04-10-2024 04:26 PM - edited 04-10-2024 04:28 PM
One of Incorta’s great strengths is its ability to make huge amounts of data available and to deliver it fast so that users can get to insight quickly. This is only possible when the hardware that Incorta runs on, whether on premises or in the cloud, is sized properly. That is why sizing is an important exercise when you first get Incorta. But what if you have been running Incorta for a while and start to see some instances of performance degradation? How do you know whether your instance of Incorta needs tuning or whether it is time to upgrade your hardware?
This article explains what indicators to look for that signal it is time to upgrade your hardware and provides approaches to help you put off the need for a hardware upgrade.
Before exploring this topic further, we recommend that you be familiar with these Incorta concepts.
These ideas apply regardless of the version of Incorta you are running.
Incorta was built to allow you to load as much data as you want and to deliver it at amazing speeds. To that end, Incorta is constantly innovating to improve processing efficiency and adding new features that make Incorta more resilient, so that it can function even when resources start to max out. Keeping up with the latest releases will give you access to the newest features that will help you maximize the performance of your hardware footprint.

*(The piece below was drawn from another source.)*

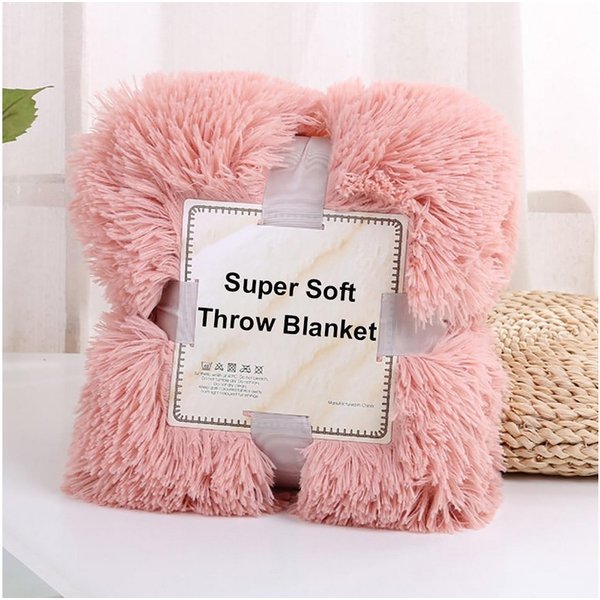 Wohndecke Kuscheldecke Flauschig,Ultraweiche Fleecedecke Leichte Warme Sofadecke, TUWENA, Wohn Kuscheldecke, Gemütliche Couchdecke, Atmungsaktiv & Pflegeleicht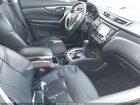 2016 Nissan Rogue Sl White vin: 5N1AT2MT1GC863793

With that in mind, there are some things that you can monitor that will help you understand when it would be prudent to upsize your hardware.
You can view the CMC Monitor in the Cluster Management Console (CMC) on the Monitoring tab, where you will find graphs that show you how your resources are being used. It gives you the flexibility to view usage over different time ranges and gives you detail on what is occupying your resources. These dashboards can show you if your system is starting to bump up against its limits.
As you add more data, load more frequently, and depend on Incorta more as a data hub, you may eventually hit the limits of your hardware and experience slower performance. This may come after a couple of years of use as the hardware sizing provided to you before initial implementation is usually modeled to support you for two years based on planned growth in data and users. You can start hitting limits sooner if you rapidly extend your footprint with more use cases. That said, the following adjustments can be made over time to keep Incorta running at its best before updating hardware. You will want to revisit these tactics regularly as your Incorta instance is dynamic.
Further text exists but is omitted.